1929 Ekonomik Buhranının daha da zorlaştırdığı ekonomik koşullar Balkan ülkelerini dışa bağımlı hâle getiriyordu. Uluslararası arenada bir taraftan bağımsız bir devlet olarak var olmaya çalışırken, diğer taraftan Almanya, İngiltere, Fransa gibi

23

ülkelere ekonomik açıdan bağımlı hale gelmeleri bölge ülkelerini rahatsız etmekteydi.

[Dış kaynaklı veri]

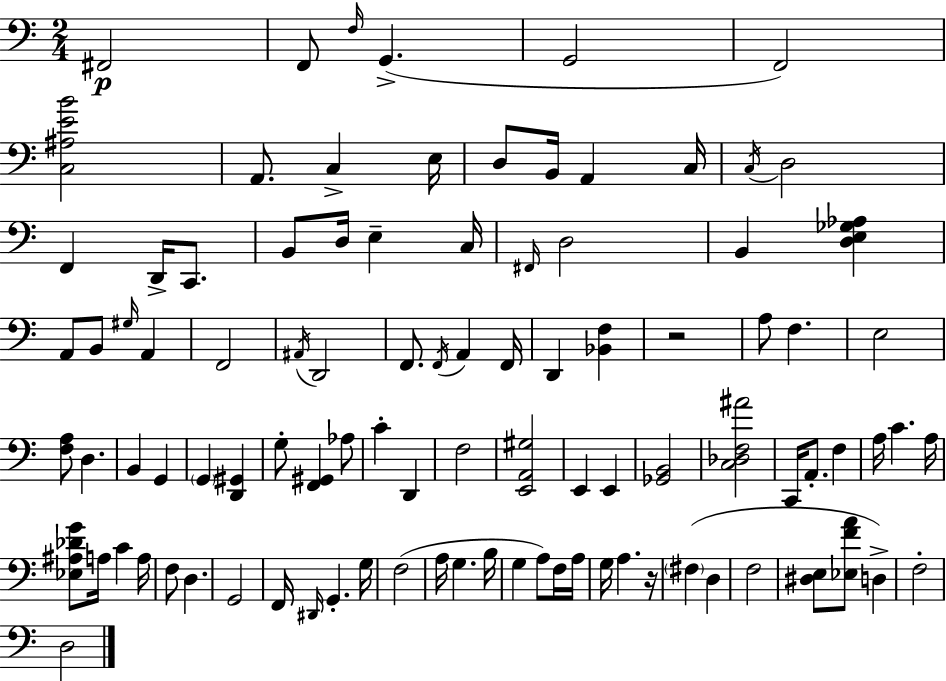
F#2/h F2/e F3/s G2/q. G2/h F2/h [C3,A#3,E4,B4]/h A2/e. C3/q E3/s D3/e B2/s A2/q C3/s C3/s D3/h F2/q D2/s C2/e. B2/e D3/s E3/q C3/s F#2/s D3/h B2/q [D3,E3,Gb3,Ab3]/q A2/e B2/e G#3/s A2/q F2/h A#2/s D2/h F2/e. F2/s A2/q F2/s D2/q [Bb2,F3]/q R/h A3/e F3/q. E3/h [F3,A3]/e D3/q. B2/q G2/q G2/q [D2,G#2]/q G3/e [F2,G#2]/q Ab3/e C4/q D2/q F3/h [E2,A2,G#3]/h E2/q E2/q [Gb2,B2]/h [C3,Db3,F3,A#4]/h C2/s A2/e. F3/q A3/s C4/q. A3/s [Eb3,A#3,Db4,G4]/e A3/s C4/q A3/s F3/e D3/q. G2/h F2/s D#2/s G2/q. G3/s F3/h A3/s G3/q. B3/s G3/q A3/e F3/s A3/s G3/s A3/q. R/s F#3/q D3/q F3/h [D#3,E3]/e [Eb3,F4,A4]/e D3/q F3/h D3/h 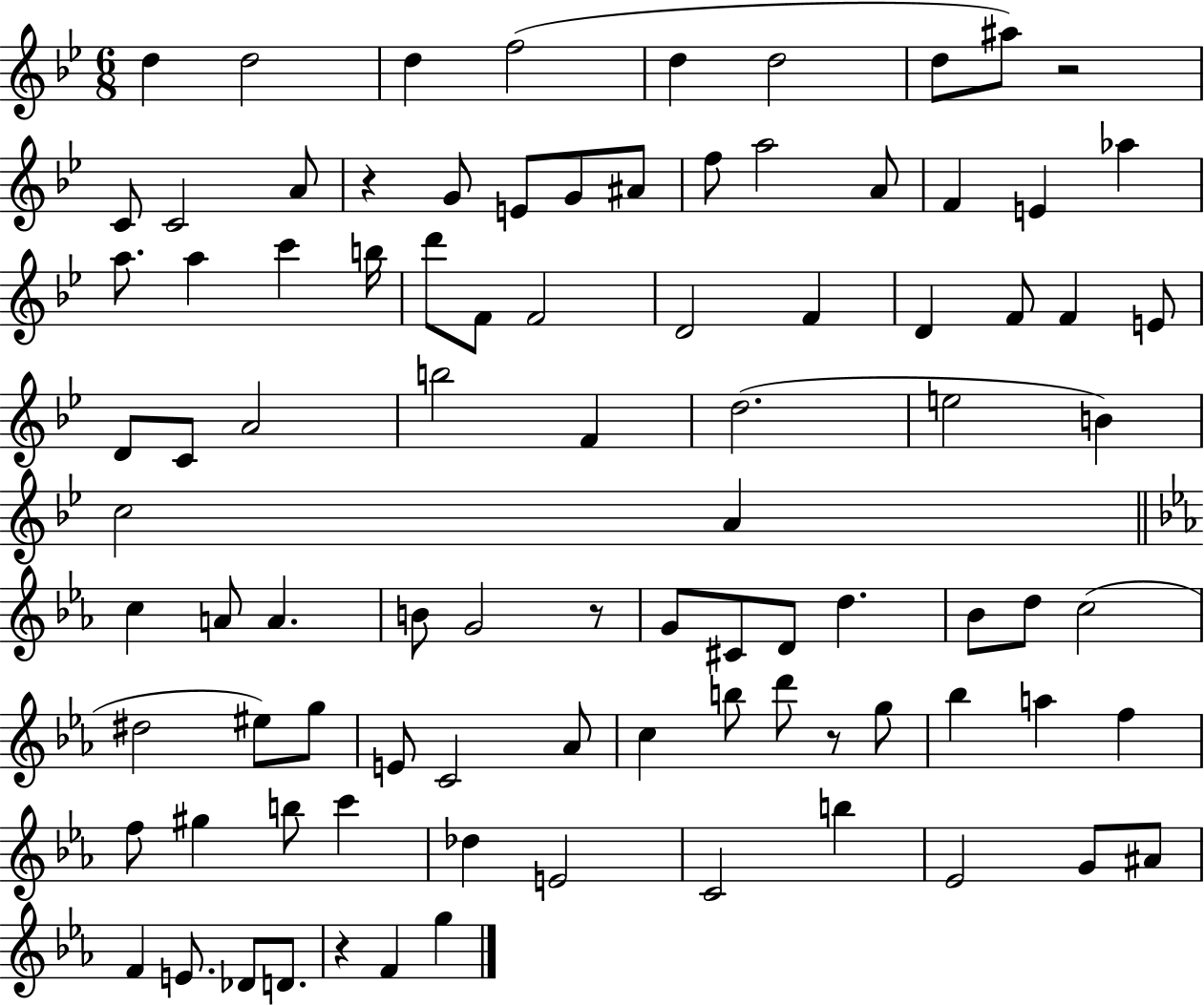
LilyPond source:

{
  \clef treble
  \numericTimeSignature
  \time 6/8
  \key bes \major
  d''4 d''2 | d''4 f''2( | d''4 d''2 | d''8 ais''8) r2 | \break c'8 c'2 a'8 | r4 g'8 e'8 g'8 ais'8 | f''8 a''2 a'8 | f'4 e'4 aes''4 | \break a''8. a''4 c'''4 b''16 | d'''8 f'8 f'2 | d'2 f'4 | d'4 f'8 f'4 e'8 | \break d'8 c'8 a'2 | b''2 f'4 | d''2.( | e''2 b'4) | \break c''2 a'4 | \bar "||" \break \key c \minor c''4 a'8 a'4. | b'8 g'2 r8 | g'8 cis'8 d'8 d''4. | bes'8 d''8 c''2( | \break dis''2 eis''8) g''8 | e'8 c'2 aes'8 | c''4 b''8 d'''8 r8 g''8 | bes''4 a''4 f''4 | \break f''8 gis''4 b''8 c'''4 | des''4 e'2 | c'2 b''4 | ees'2 g'8 ais'8 | \break f'4 e'8. des'8 d'8. | r4 f'4 g''4 | \bar "|."
} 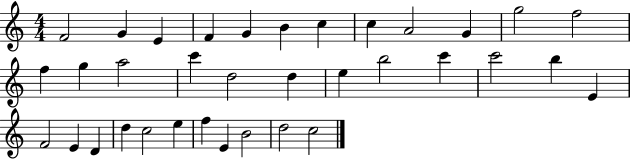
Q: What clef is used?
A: treble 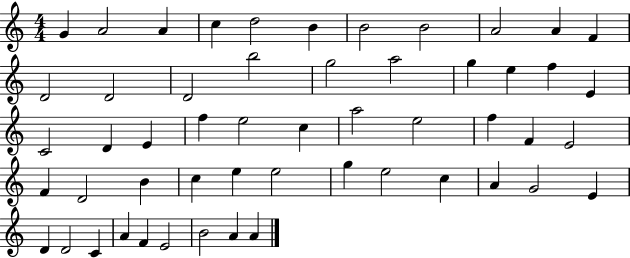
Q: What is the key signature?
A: C major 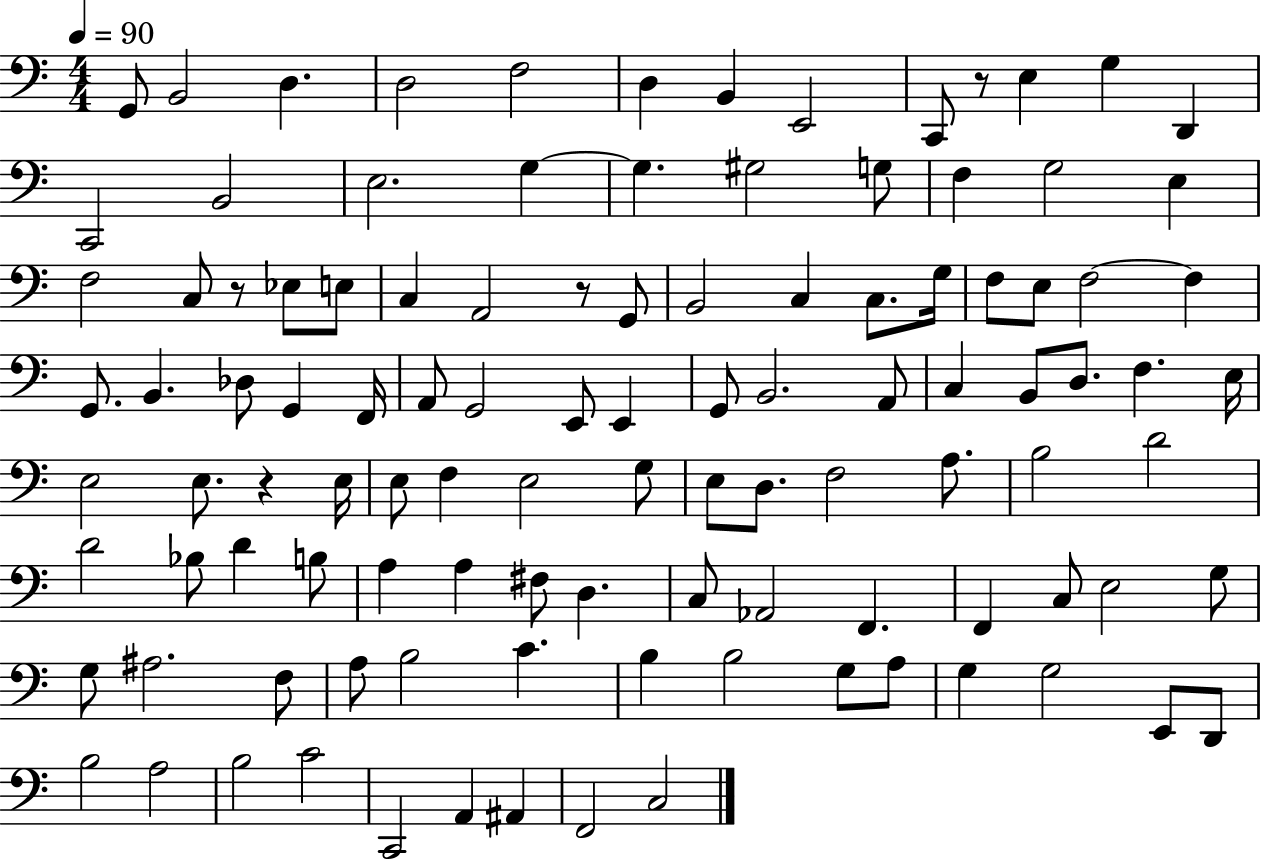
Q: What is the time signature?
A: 4/4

Bu noktada Türkiye’nin içinde bulunduğu durum ve taşıdığı endişe de diğer Balkan ülkelerinden farksızdı. Birinci Dünya Savaşı ve hemen ardından gerçekleştirilen İstiklal Savaşı’ndan sonra yıkılan imparatorluğun büyük varisi olarak kurulan Türkiye Cumhuriyeti, politikalarını savaş sonrasında oluşan yeni düzene göre şekillendirmekteydi. Henüz kurulmuş olan Türkiye’nin de temel amacı, mevcudiyetini kabul ettirerek devamlılığını sağlamaktı. Öztürk’ün de ifade ettiği üzere Lozan Barış Antlaşmasının imzalanmasını takip eden dönemde Türk Dış Politikası, tespit edilen sınırlar dahilinde kurulan devletin varlığını ve bağımsızlığını korumaya, devleti “ayakta tutmaya” odaklanmıştı (Öztürk 2001, 6). “Yurtta sulh, cihanda sulh” olarak sloganlaştırılan bu amaç, büyük zorluklarla elde edilen bağımsızlığın uluslararası statüko içinde devamının sağlanması ve toprak bütünlüğünün muhafazasına dayanmakta idi (Sander 2007, 101). Ancak 1930’lara gelindiğinde, Almanya ile İtalya’nın yayılmacı politikalarının kendini hissettirmesi ve benzeri emeller taşıyan Bulgaristan’ın bundan faydalanabileceği düşüncesi, Türkiye’nin algıladığı güvenlik tehdidini artırmakta idi. Özellikle İtalya’nın Akdeniz’den “mare nostrum (bizim deniz)” diye söz edişi ve Oniki Ada’nın durumu Türkiye tarafından açık bir tehdit olarak algılanmaktaydı. Nitekim Mustafa Türkeş’e göre de, Türkiye’nin askeri anlamda endişeli olduğu iki bölge vardı: Doğu Trakya ve Akdeniz. Akdeniz yani İtalyan tehdidini üzerinde hisseden Türkiye için (1994, 130), Lozan anlaşmasıyla Boğazlarda ve Trakya sınırında oluşturulan askerden arındırılmış iki bölgede ciddi bir savunma zaafı söz konusu idi. Türkiye'ye karşı Balkanlar'dan gelebilecek askeri bir saldırı halinde, Türkiye'nin Trakya'ya asker sevk etmesinin bir haftayı bulacağı ve hem Balkanlar'dan hem de Akdeniz'den aynı anda bir saldırı

24

halinde de Türkiye’nin çok zor bir durumda kalacak olması, Türk hükümetini Balkanlarda yapılacak yeni bir iş birliğine yönlendirmişti (Türkeş 1998, 133).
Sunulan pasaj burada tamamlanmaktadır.